Technical Architecture » History » Version 12

« Previous - Version 12/62 (diff) - Next » - Current version
Ward Vandewege, 04/08/2013 04:51 PM


Technical Architecture

The technical diagram above represents the basic architecture of Arvados.

At the base layer is a "cloud operating system." Currently the platform has been integrated with AWS using POSIX volumes in AWS EBS and EC2 VMS. The system also runs on Xen and Debian/Ubuntu. The roadmap currently includes an OpenStack Integration. We expect that OpenStack will be the preferred cloud OS for private clouds.

Key Components

Data Manager - The Data Manager helps to orchestrate interactions with data storage. This includes managing rules around duplication, archiving, etc. We expect the data manager will coordinate file format translations (not built yet) and provide an interface layer between the content addressable object file store and the metadata database ("Bob"), which can record metadata about each file.

Content Addressable Object File Store ("Keep") - Arvados stores files in Keep. Keep is an object file store that has been optimized for big files and write once read many (WORM) scenarios. Keep chunks files into 64MB chunks and distributes them across physical drives or virtual volumes. Keep stores its chunks on any POSIX filesystem. Keep is also a content addressable store (CAS). When a file is stored, each 64MB chunk gets and MD5 hash. Then a "collection" (a text file with pointers) is used to represent the complete file. Each collection also has an MD5 hash, which becomes the canonical reference to that file. It's possible to also define higher level collections which represent data sets for computations.

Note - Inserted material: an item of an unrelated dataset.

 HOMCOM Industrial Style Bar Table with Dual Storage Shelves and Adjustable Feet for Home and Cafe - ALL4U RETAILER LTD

Job Manager - The Pipeline Manager orchestrates execution of pipelines. It records the processing of each pipeline in Bob and tracks the progress of pipelines. Job Manager talks to the MapReduce Engine

MapReduce Engine ("Jobs") - Jobs takes invocations of pipelines pulls the pipeline component code out of the GIT repositories and the data out of Keep and then executes the distributed processing of the data across cores using the MapReduce system. Jobs is optimized for Map steps, and it moves processing to cores that are physically close to where Keep has stored the data. In private clouds where drives and CPUs are on the same node this eliminates disk I/O constraints. (Jobs has been optimized for these problems, but conceivably another MapReduce engine such as Hadoop could be substituted, although no work has been done to enable this.)

In-Memory Compact Genome Database ("Lightening") - Lightening will use a scale-out, open source in-memory database to store genomic data in a compact genome format. This part of the project has not been built. We envision that instead of using VCF to represent variants there is a format the can represent variants and other key data for tertiary analysis. Putting this in in a scale-out, in-memory database will make it possible to do very fast queries of these data.

API Engine ("Juicer") - Juicer is an API engine that manages REST APIs for interfacing with the other system components. Most, but not all interfaces with Arvados go through Juicer. For example, interaction with GIT repositories uses standard GIT commands.

Dashboard ("Workbench") - Workbench is a set of visual tools for using the underlying Arvados services through a browser-based interface. We expect this will be especially helpful for to query and browse data, visualize provenance, and see the status of pipeline processing among other activities. Workbench has a modular architecture designed for plug-ins.

Command Line Interface - The CLI is essentially a shell script SDK for interfacing with the Arvados services through a command line.

SDKs - The project envisions creating native language SDKs for Python, Perl, Ruby, R, and Java to make working with the REST APIs easier in these language environments.

Documentation - In addition to this wiki for contributors, we envision an open source documentation project that will author and maintain three core guides:

  • User Guide - All of the information for anyone developing analysis or web applications using Arvados.
  • Administrator Guide - Instructions on how to administer and Arvados cluster for system administrators.
  • Installation Guide - How to install and configure Arvados to run in different cloud environments.